Apologies if im not supposed to post here, if its off topic this is my first post. 2nd now haha


----------



## BRADSConst (Oct 2, 2012)

AAA inspector said:


> We're ready for anything got a lot of equipment. Ready for bigger bucks. Where do I start looking?


 My advice, forget the nationals. Go directly to the credit unions, local banks, brokers, apartment complexes, private customers, etc.

If you are quality minded company, go for customers who will pay for that service. If you are a volume company, sign on with Safeguard :innocent:.....


----------



## AAA inspector (Nov 27, 2013)

Good advice, thanks brads


----------



## Gypsos (Apr 30, 2012)

I walked about a month ago and told them all to pound sand. There is not a viable business model that allows you to make a reasonable profit doing this working for the nationals, regionals or anyone else in the P&P payroll pipeline for that matter.

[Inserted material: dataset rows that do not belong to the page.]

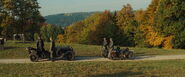 The two bikers carry MP40s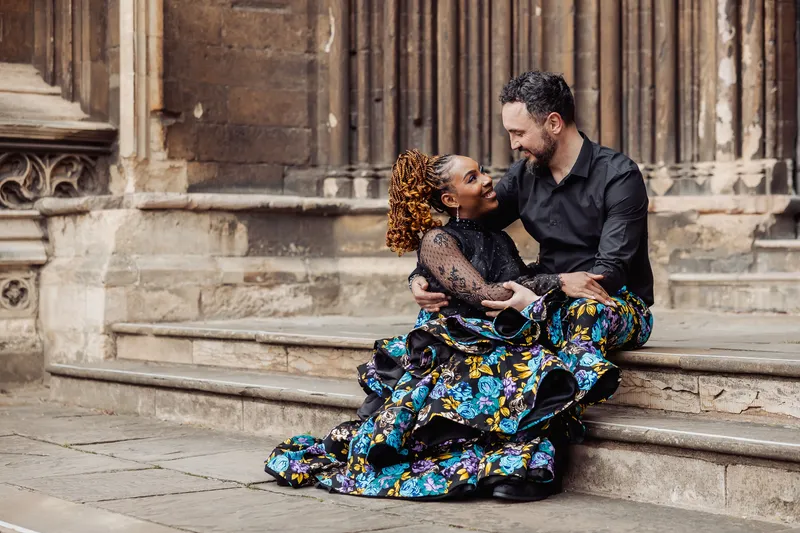 An interracial newlywed couple sitting lovingly on stone steps outside a historic building, with the bride wearing a striking black floral print gown with a ruffled skirt.
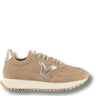 A beige suede sneaker with a metallic silver chevron logo on the side, beige laces, and a thick cream-colored midsole, shown against a plain white background.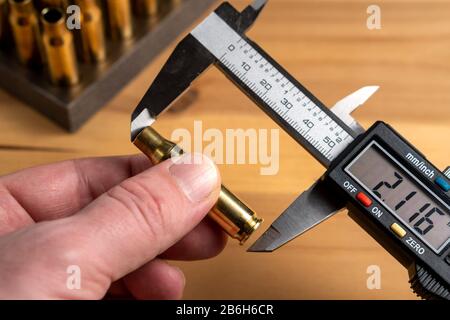 Production of cartridges for a rifle, reload. Measurement of the empty cartridges with a caliper Stock Photo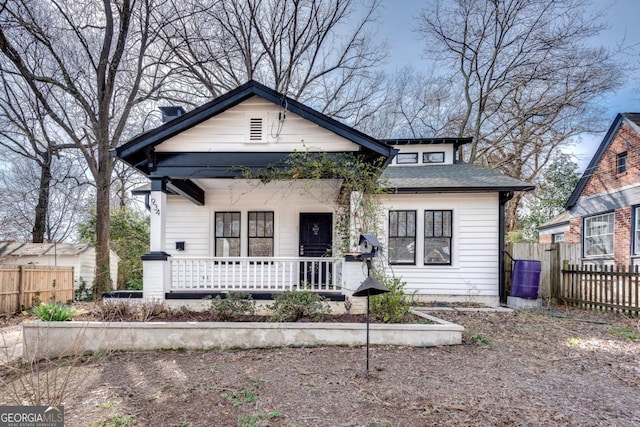 bungalow-style house featuring a porch, roof with shingles, and fence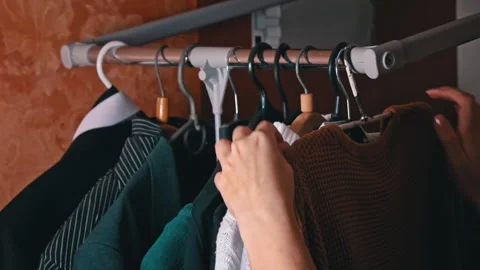 Woman's Hand Selects Things on a Hanger Close-up Stock Footage 255516224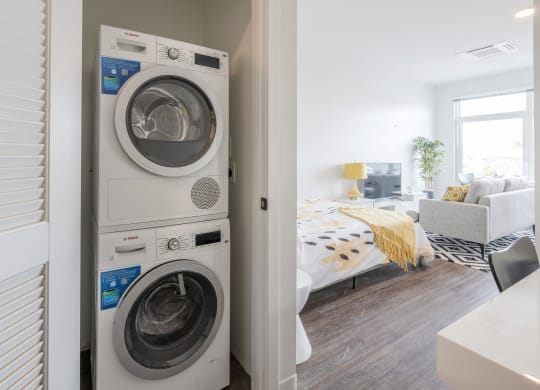 a front loading washer and dryer in a bedroom with a bed
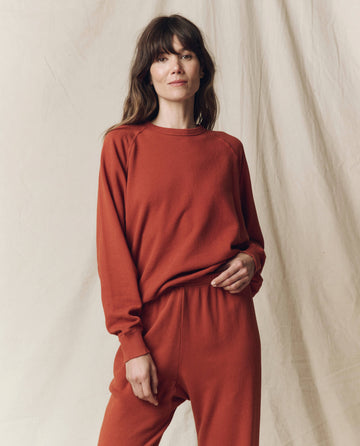 A woman stands against a beige backdrop wearing THE GREAT. F25 SEASONAL KNITS’ The College Sweatshirt. Solid -- Brick, an oversized, rust-colored set.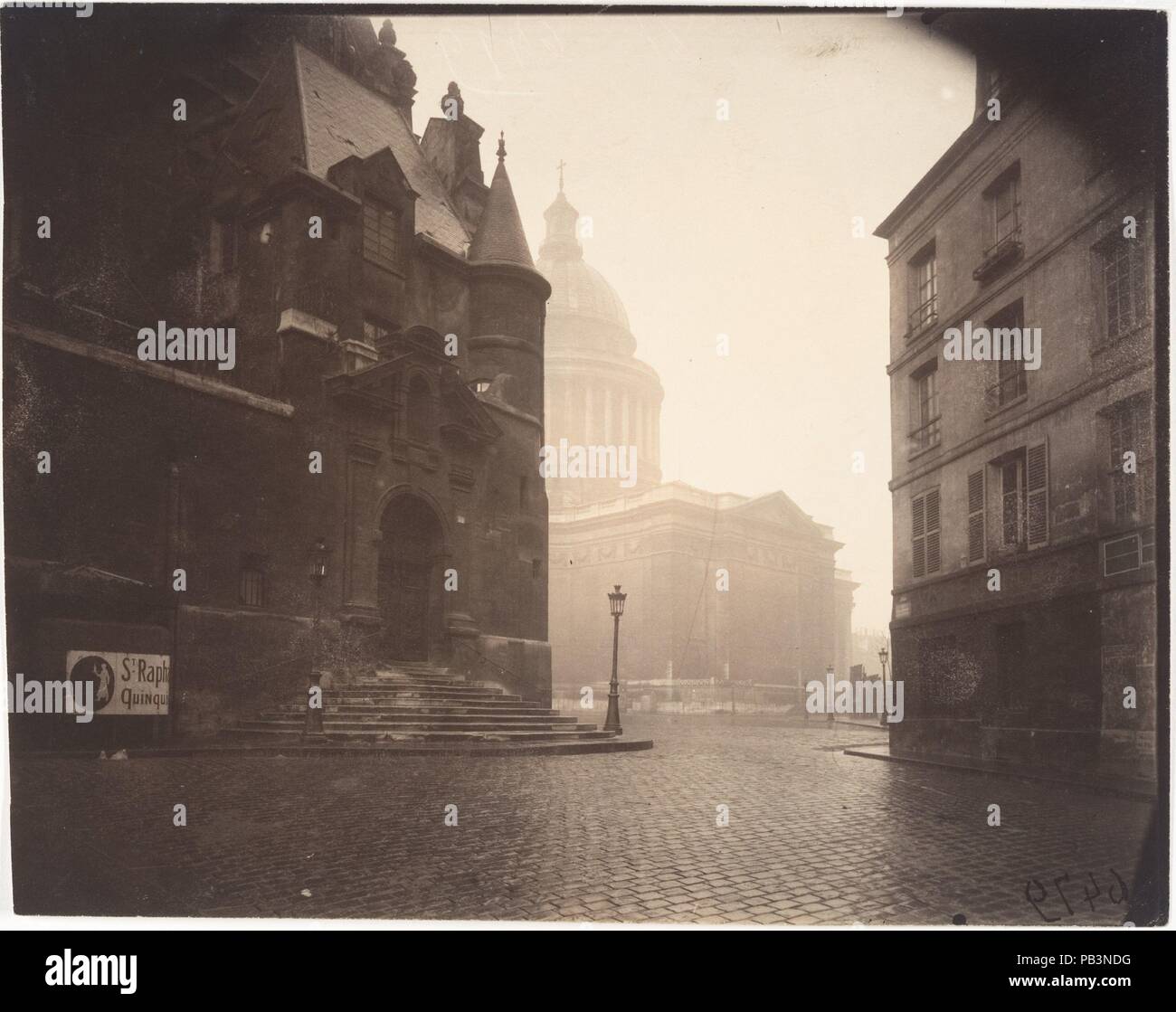 Rue de la Montagne-Sainte-Geneviève. Artist: Eugène Atget (French, Libourne 1857-1927 Paris). Dimensions: Image: 17.4 x 22.1 cm (6 7/8 x 8 11/16 in.)  Sheet: 17.7 × 22.5 cm (17.7 × 22.5 cm). Date: 1924.  In his early work, Atget often photographed in full midday sun so that his 'documents' would record all the details of architectural or ornamental subjects. In his late work, such as this view of the Pantheon, he often photographed in the early morning, when the absence of people and the presence of a softly luminous light suffused his scenes with quietude. The photograph is clearly an evocati Stock Photo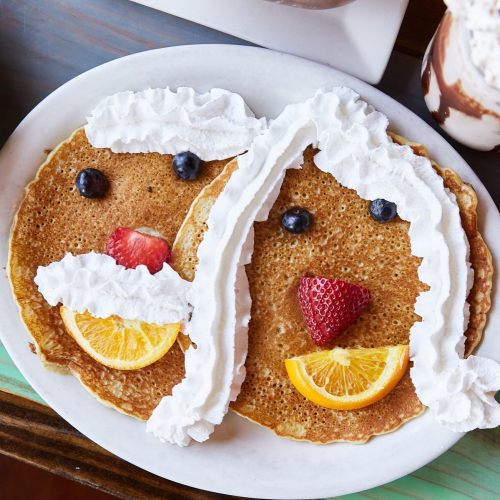 Two pancakes decorated to look like bunny faces, with whipped cream, fruit, and blueberries for eyes and noses.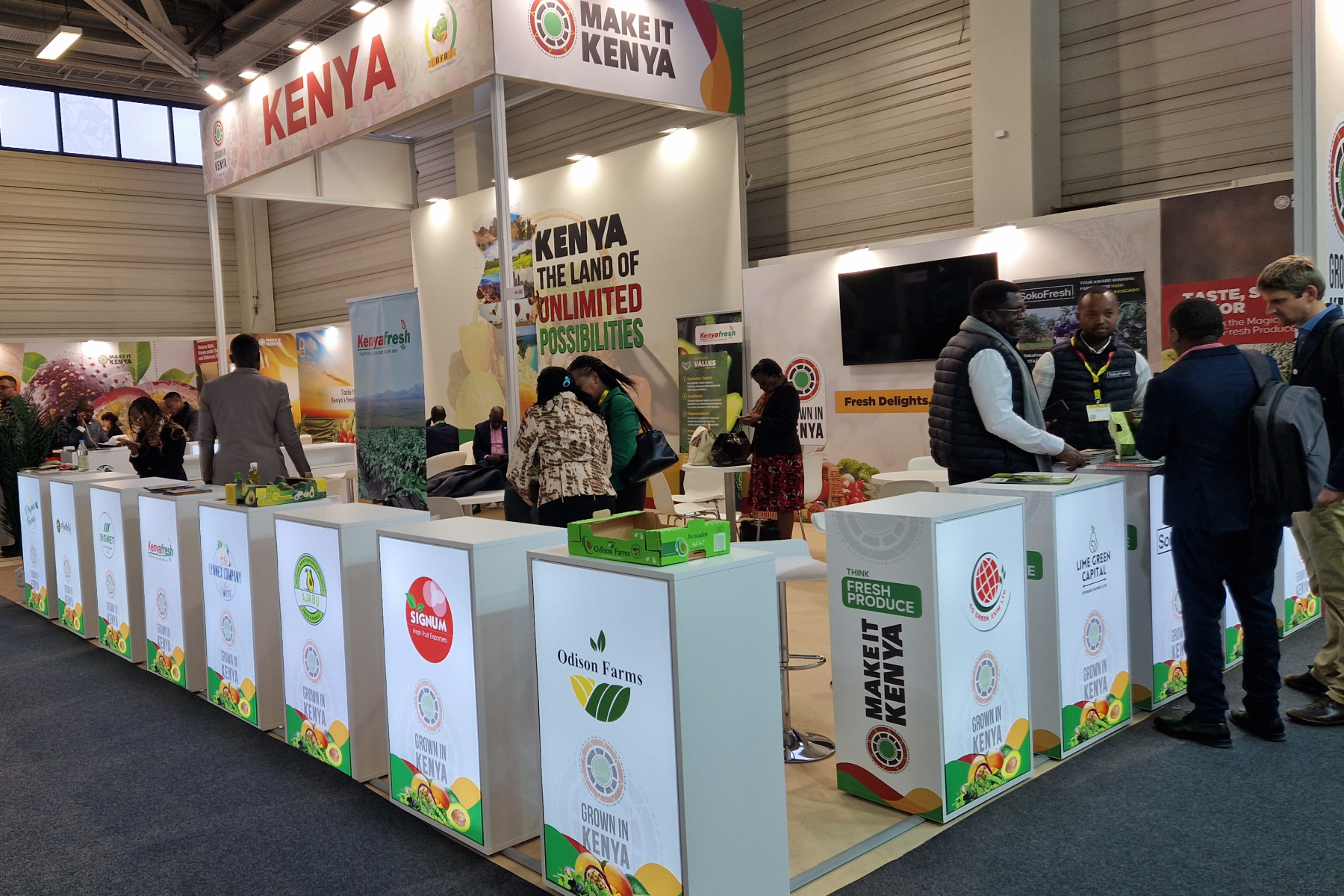 Messestand mit dem Titel 'MAKE IT KENYA'. Tische mit Logos von verschiedenen Unternehmen. Menschen interagieren am Stand.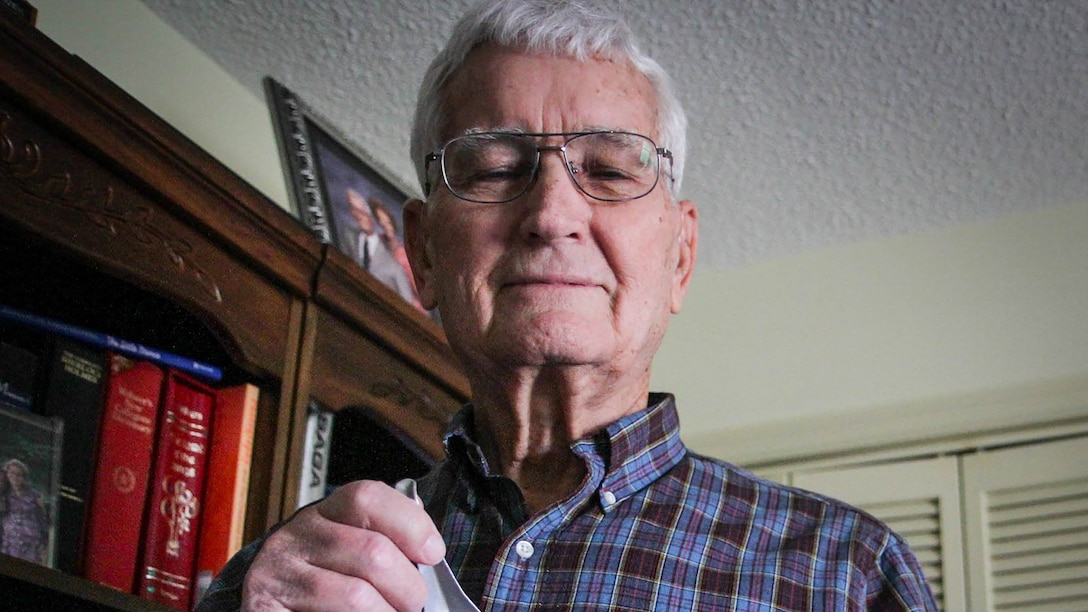 Retired U.S. Air Force Lt. Col. Arthur T. Ballard shows the cup and spoon he used for six and a half years as a prisoner of war in the infamous Hoa Lo prison, aka the "Hanoi Hilton". Ballard, an F-105 fighter pilot with 68 combat missions under his belt, was shot down and captured on Sept. 26, 1966. "I think it was small arms fire, maybe 32 or 57 millimeter. The sky just filled up with that stuff. I don't remember a whole lot about the bailout. I woke up on the ground with a broken leg, and a rifle stuck in my face." He was finally released on March 4, 1973.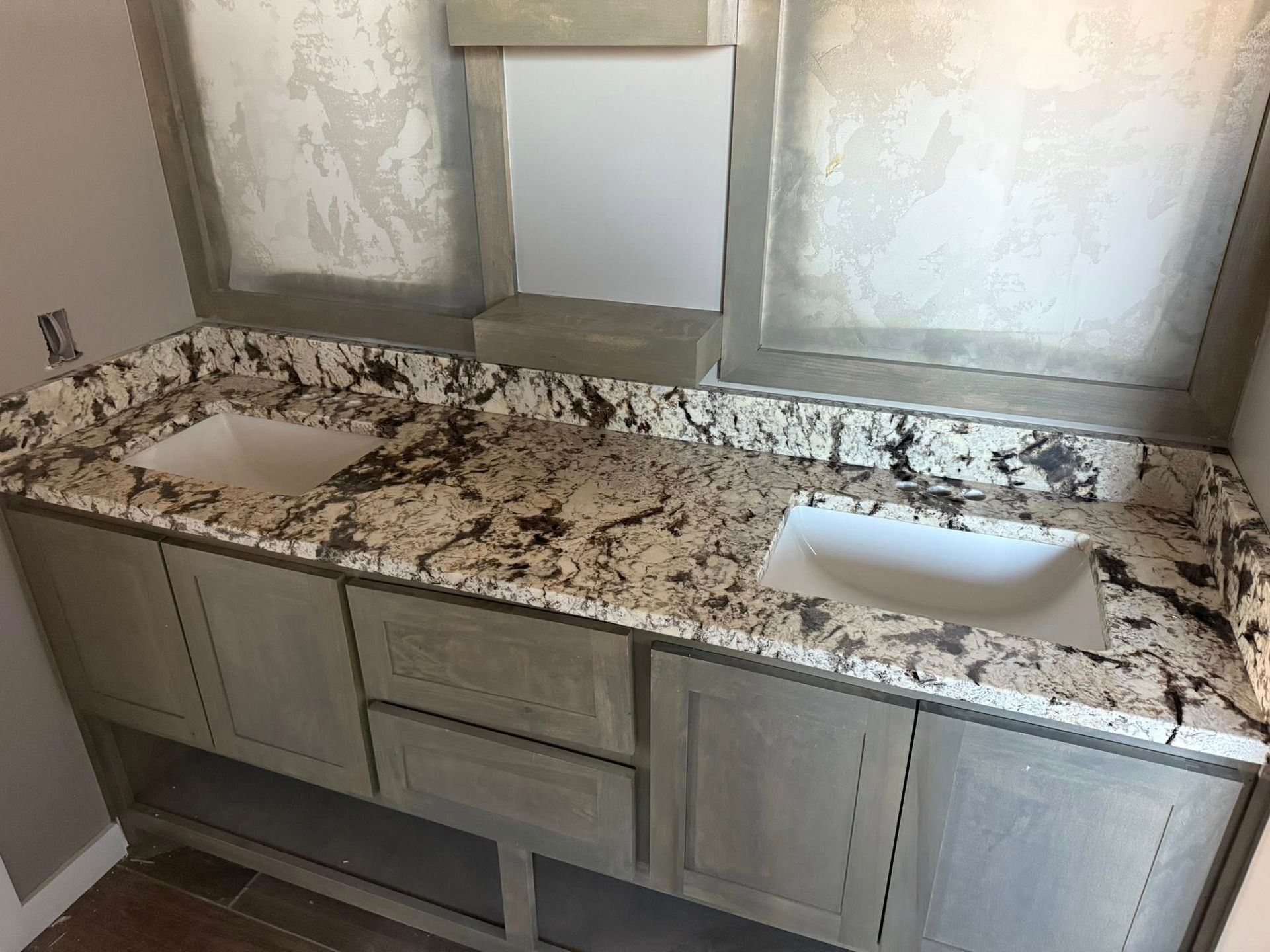 Bathroom vanity with speckled granite countertop and two sinks under a mirror.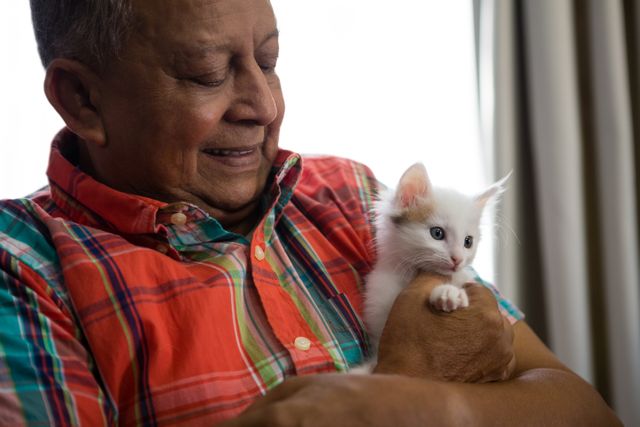 Happy senior man playing with kitten at nursing home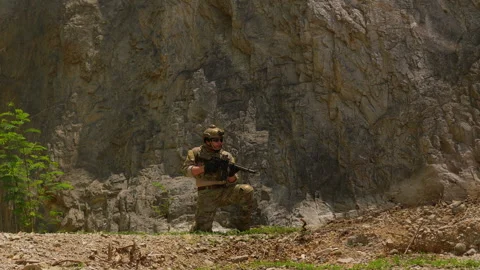 Special forces soldier in combat gear kneels with a rifle at the base of a cliff Stock Footage 342620602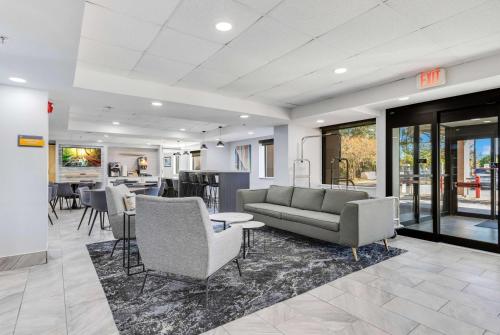 a living room with a couch and a table at La Quinta Inn & Suites by Wyndham Jacksonville Mandarin in Jacksonville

If I ever suffer a severe enough head injury to make me want to do this again it will only be private customers, period. And even then I will be very picky as to whom I work for.


----------



## BRADSConst (Oct 2, 2012)

Glad to see you're still hangin' around :thumbsup:


----------



## STARBABY (Apr 12, 2012)

Gypsos said:


> I walked about a month ago and told them all to pound sand. There is not a viable business model that allows you to make a reasonable profit doing this working for the nationals, regionals or anyone else in the P&P payroll pipeline for that matter.
> 
> If I ever suffer a severe enough head injury to make me want to do this again it will only be private customers, period. And even then I will be very picky as to whom I work for.


Seems that more and more of you guys getting out! I understand there days I think of just going back to Averitt and turning wrenches again.


----------